[Short text fragments from websites]
--------------------

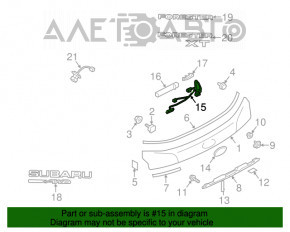 Кнопка открытия двери багажника Subaru Forester 14-18 SJ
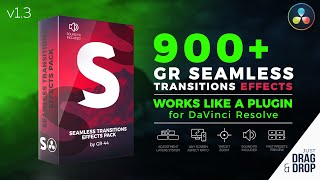 GR Seamless Transitions Effects for DaVinci Resolve | Works as a plugin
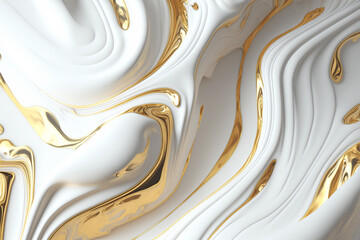 Abstract golden white marble texture background - obrazy, fototapety, plakaty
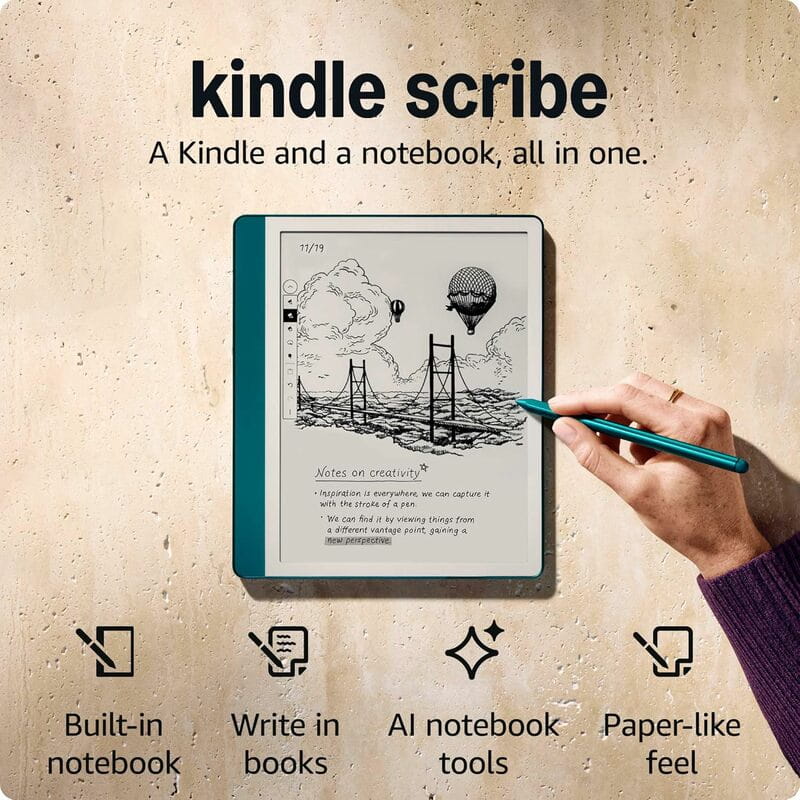 Электронная книга Amazon Kindle Scribe (1st Gen) (2024) 64GB Metallic Jade_JP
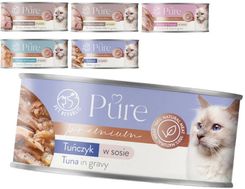 Petrepublic Pure Mokra Karma Dla Kota Mix Smaków W Sosie Kurczak Tuńczyk Krewetka 6X80G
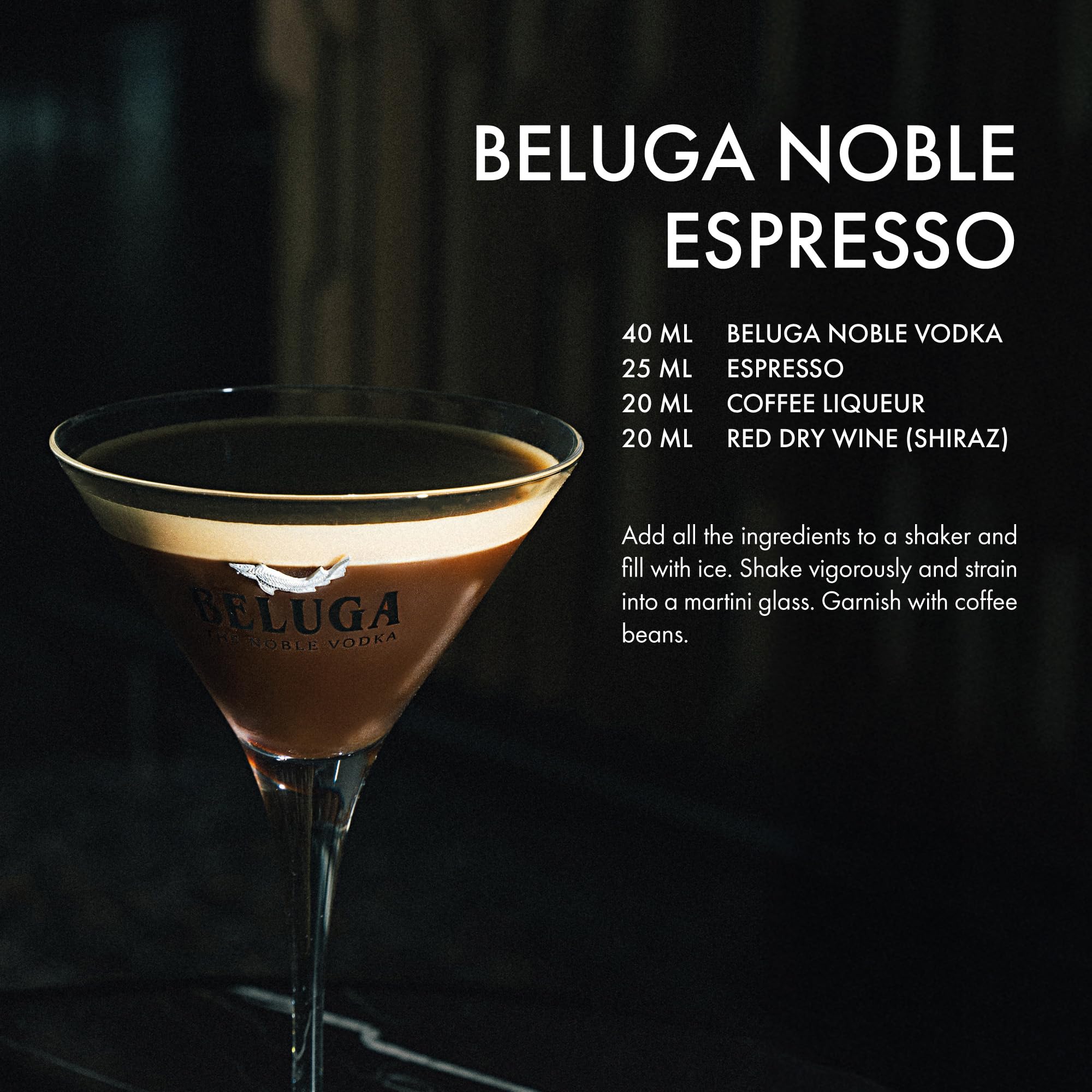 Beluga NOBLE (1 x 3000ml) im Geschenkkarton mit Wiege, Premium-Vodka aus Montenegro mit feinstem Bio-Getreide und reinem Quellwasser, 40 Prozent Volumen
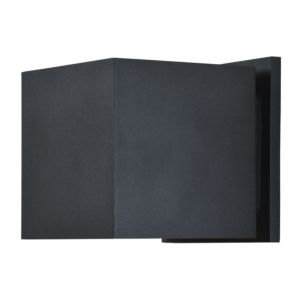 Square LED Wallwasher in Black by Access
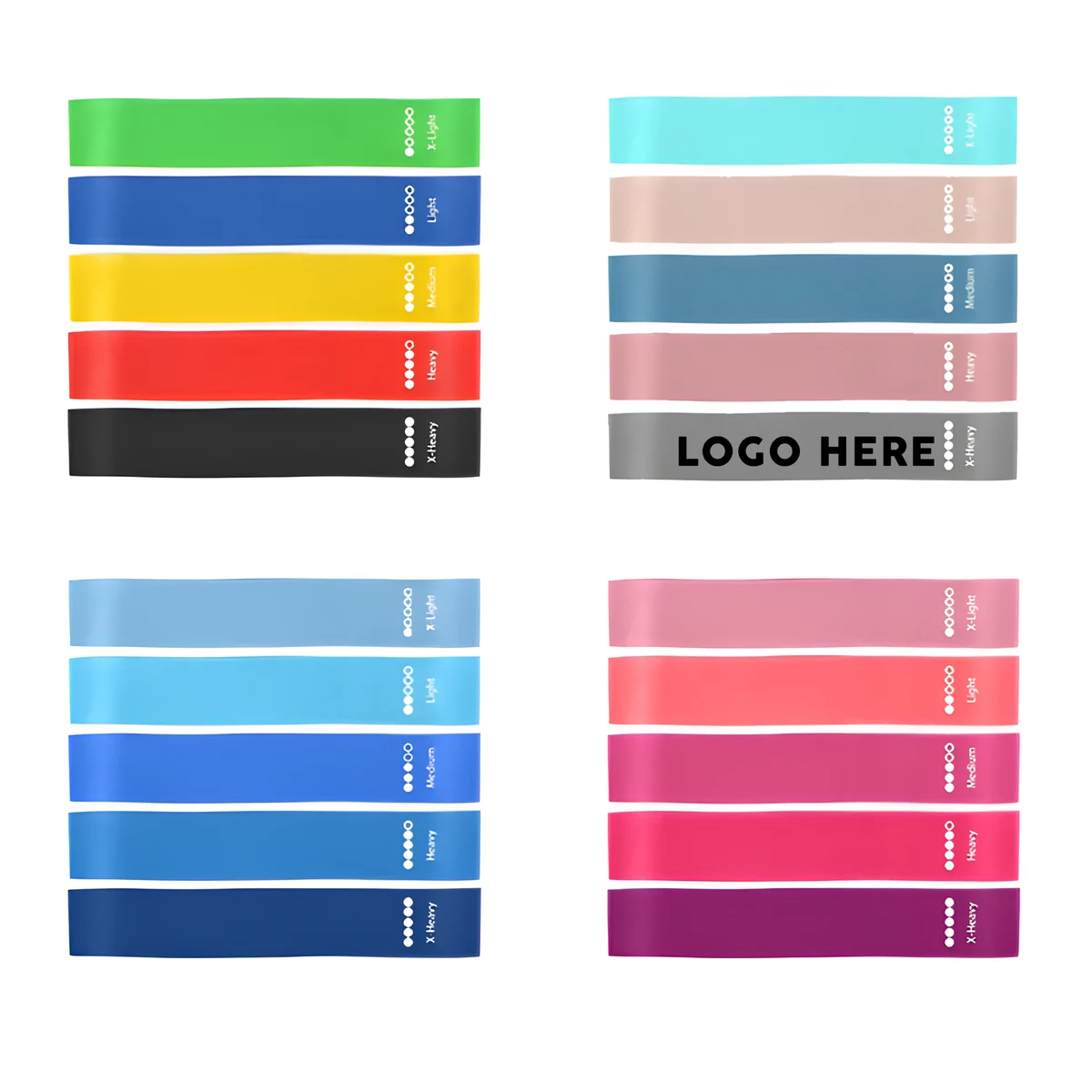 MOQ 50 Fitness Booty Bands for Squats Resistance Training 1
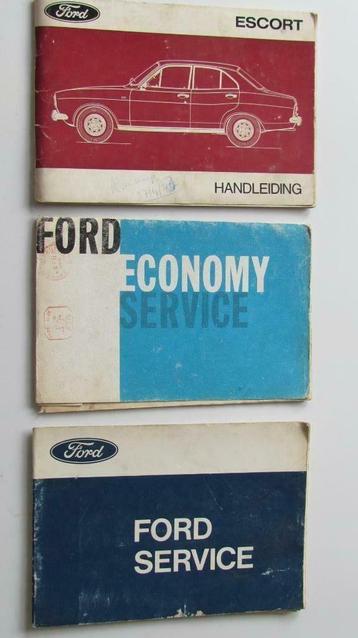 FORD ESCORT I Manuel du propriétaire et Carnet d'entretien, Autos : Divers, Modes d'emploi & Notices d'utilisation, Enlèvement ou Envoi
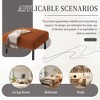Gulches Square Corduroy Ottoman Footstool - Soft Padded Seat, Sturdy Plywood Frame, 440LB Capacity, Non-Slip Legs for Living Room/Bedroom - 4 of 4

--------------------

## Assignment
Transcribe exactly and only the lines from the top of the records through the line containing "Petrepublic Pure Mokra", inclusive, and do not copy the pictures.

## Task response
 Кнопка открытия двери багажника Subaru Forester 14-18 SJ
 GR Seamless Transitions Effects for DaVinci Resolve | Works as a plugin
 Abstract golden white marble texture background - obrazy, fototapety, plakaty
 Электронная книга Amazon Kindle Scribe (1st Gen) (2024) 64GB Metallic Jade_JP
 Petrepublic Pure Mokra Karma Dla Kota Mix Smaków W Sosie Kurczak Tuńczyk Krewetka 6X80G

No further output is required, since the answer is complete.